**Goal of the exercise**
Your answer should be only the lines below from the one with "Apartment 35 Qm" to the one with "Sub 6536 gloss dial", repeated exactly, ends included.

**Extracted entries**
* * * * * * * * *
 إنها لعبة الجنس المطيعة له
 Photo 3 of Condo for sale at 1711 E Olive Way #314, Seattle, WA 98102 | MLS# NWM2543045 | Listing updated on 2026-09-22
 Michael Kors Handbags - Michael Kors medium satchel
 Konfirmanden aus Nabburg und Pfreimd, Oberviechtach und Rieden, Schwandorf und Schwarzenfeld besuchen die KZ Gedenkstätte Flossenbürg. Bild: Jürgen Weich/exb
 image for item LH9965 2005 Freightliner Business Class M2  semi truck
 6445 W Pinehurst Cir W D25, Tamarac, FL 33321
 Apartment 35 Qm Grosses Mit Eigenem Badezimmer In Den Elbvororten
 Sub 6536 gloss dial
* * * * * * * * *
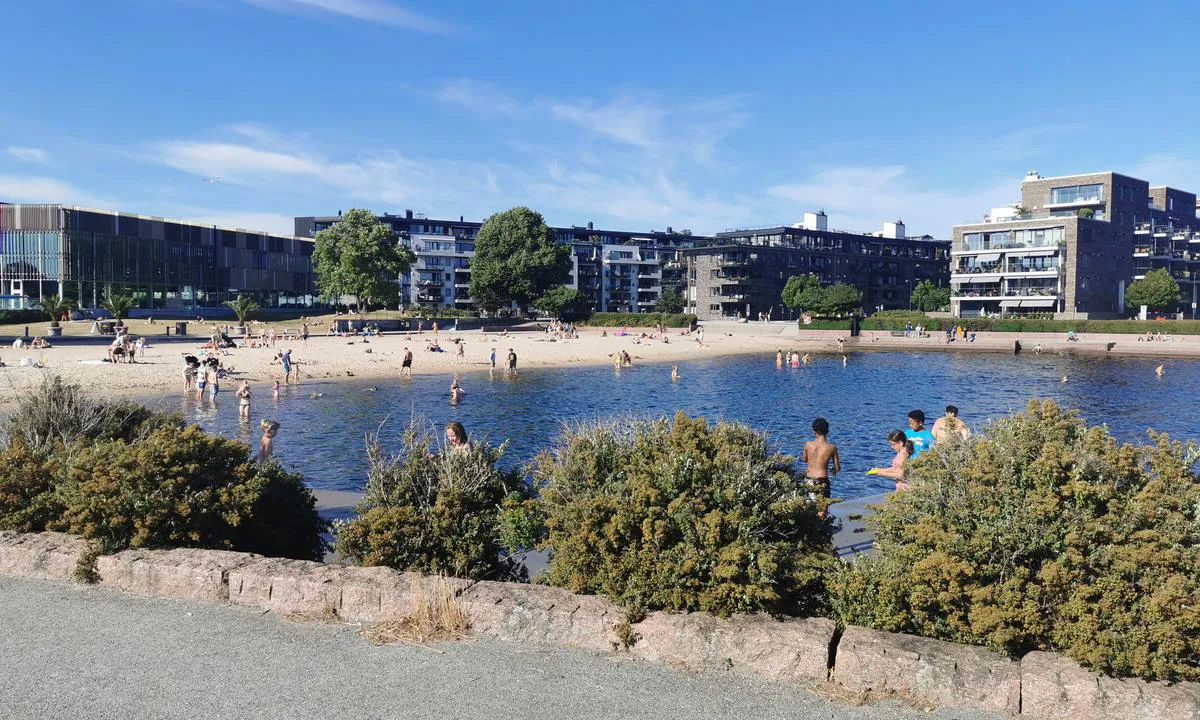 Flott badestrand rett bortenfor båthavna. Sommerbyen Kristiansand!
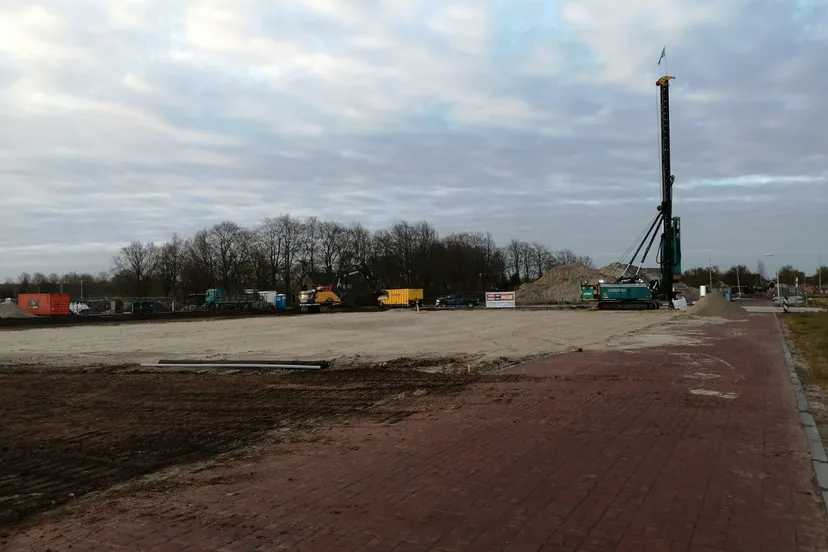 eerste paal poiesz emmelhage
* * * * * * * * *
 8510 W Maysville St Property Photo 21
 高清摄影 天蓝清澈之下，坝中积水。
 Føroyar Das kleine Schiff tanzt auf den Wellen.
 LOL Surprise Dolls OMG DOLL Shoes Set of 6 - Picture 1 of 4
* * * * * * * * *
**Written answer**
 Apartment 35 Qm Grosses Mit Eigenem Badezimmer In Den Elbvororten
 Sub 6536 gloss dial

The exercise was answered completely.